▶ Records for this exercise:
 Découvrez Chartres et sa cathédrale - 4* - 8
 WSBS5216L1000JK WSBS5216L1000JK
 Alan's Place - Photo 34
--
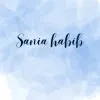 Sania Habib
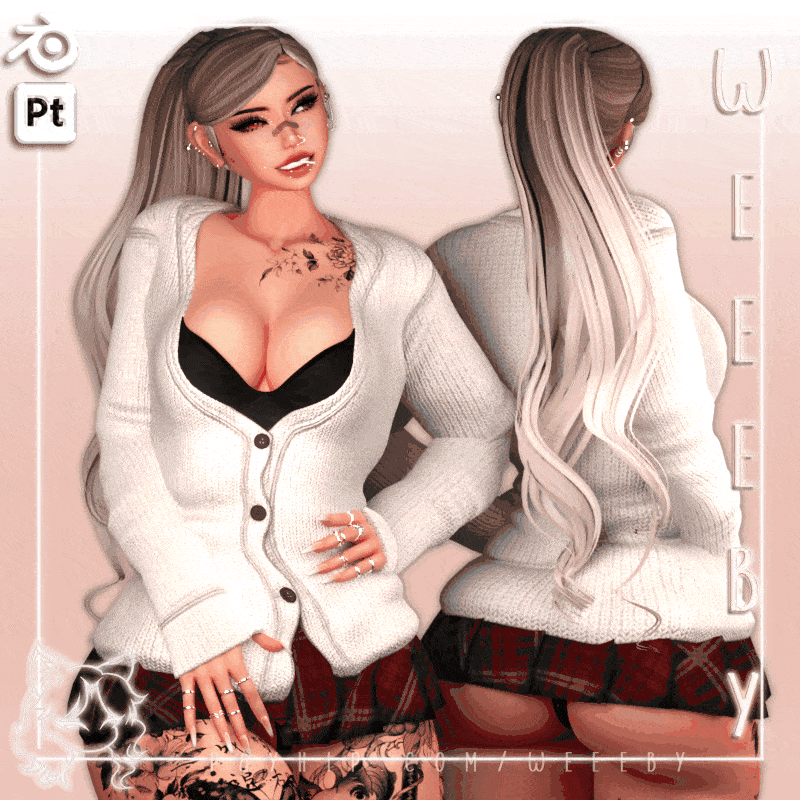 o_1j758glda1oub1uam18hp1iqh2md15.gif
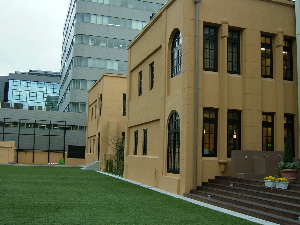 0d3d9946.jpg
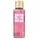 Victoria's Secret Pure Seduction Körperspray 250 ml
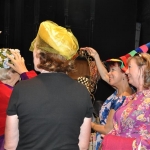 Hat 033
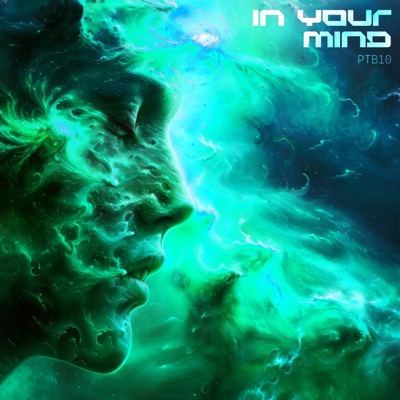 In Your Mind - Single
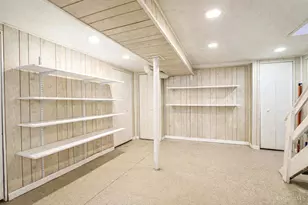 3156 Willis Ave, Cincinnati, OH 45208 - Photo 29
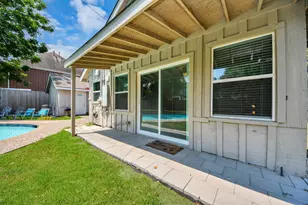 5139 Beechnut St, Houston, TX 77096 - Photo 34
==
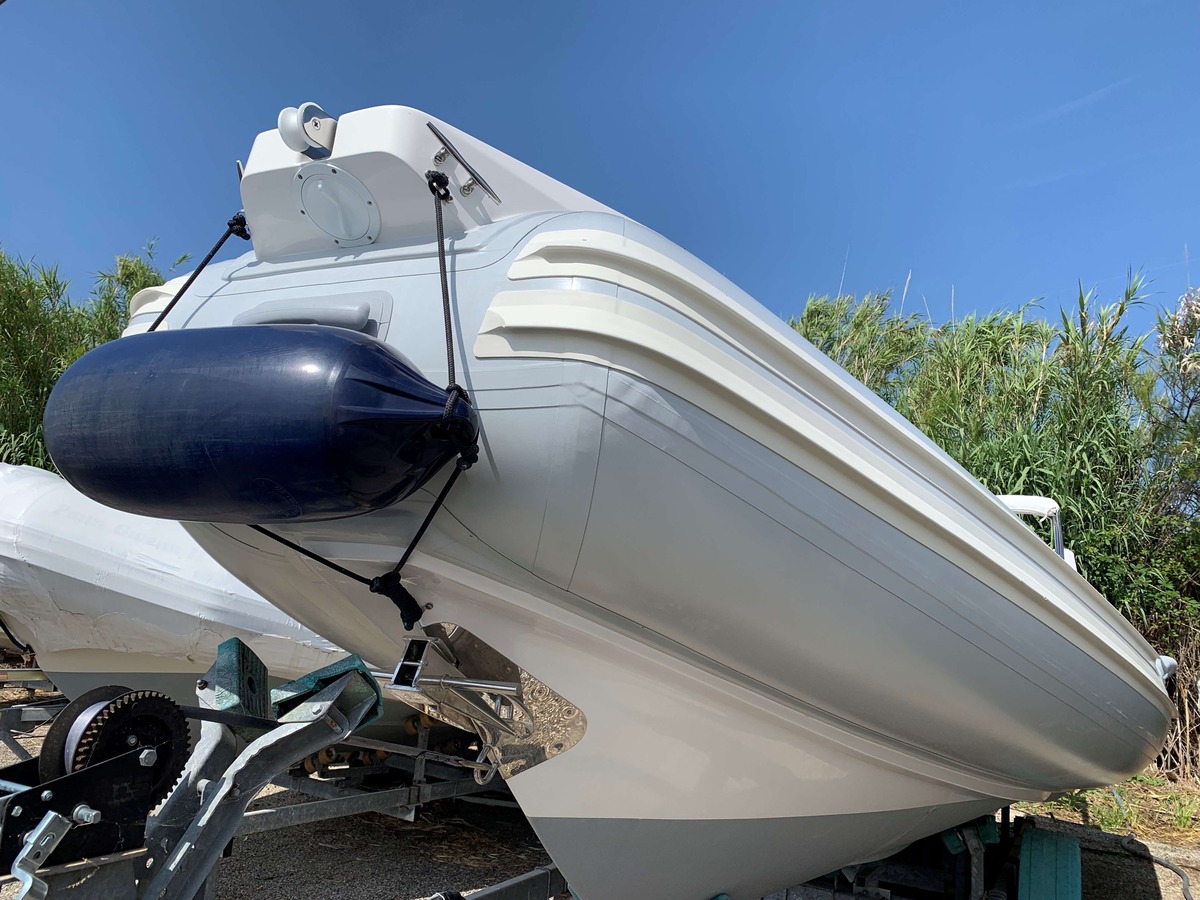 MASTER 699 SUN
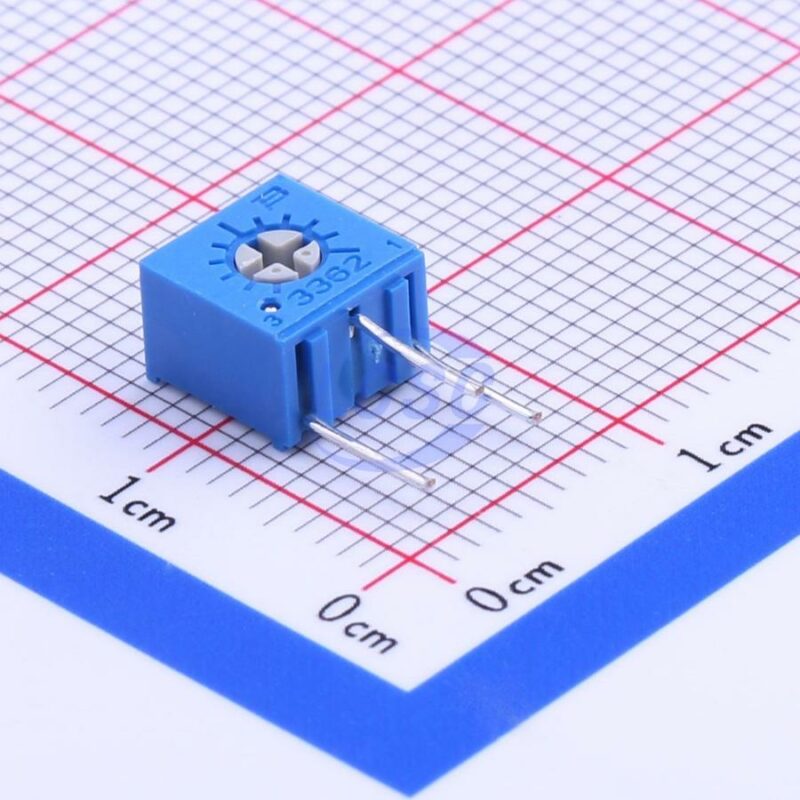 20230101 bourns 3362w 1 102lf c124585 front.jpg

▶ Requirement:
Reproduce exactly the lines of the records above from the one with "Découvrez Chartres et sa cathédrale - 4* - 8" to the one with "Alan's Place - Photo 34", both included, and leave out everything else.

▶ Exercise response:
 Découvrez Chartres et sa cathédrale - 4* - 8
 WSBS5216L1000JK WSBS5216L1000JK
 Alan's Place - Photo 34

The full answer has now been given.